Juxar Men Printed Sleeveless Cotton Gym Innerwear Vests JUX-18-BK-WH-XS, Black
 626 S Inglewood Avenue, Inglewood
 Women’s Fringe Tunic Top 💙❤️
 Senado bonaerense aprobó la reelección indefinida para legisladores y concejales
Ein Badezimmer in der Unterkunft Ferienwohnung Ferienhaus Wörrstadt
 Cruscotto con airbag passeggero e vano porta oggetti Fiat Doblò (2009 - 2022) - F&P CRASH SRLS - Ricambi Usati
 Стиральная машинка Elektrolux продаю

##############################

→ **YOUR ASSIGNMENT**
Your answer must be the lines from the one containing "Cruscotto con airbag" through the last line of the entries, copied exactly, with no other lines.

→ **SOLUTION**
 Cruscotto con airbag passeggero e vano porta oggetti Fiat Doblò (2009 - 2022) - F&P CRASH SRLS - Ricambi Usati
 Стиральная машинка Elektrolux продаю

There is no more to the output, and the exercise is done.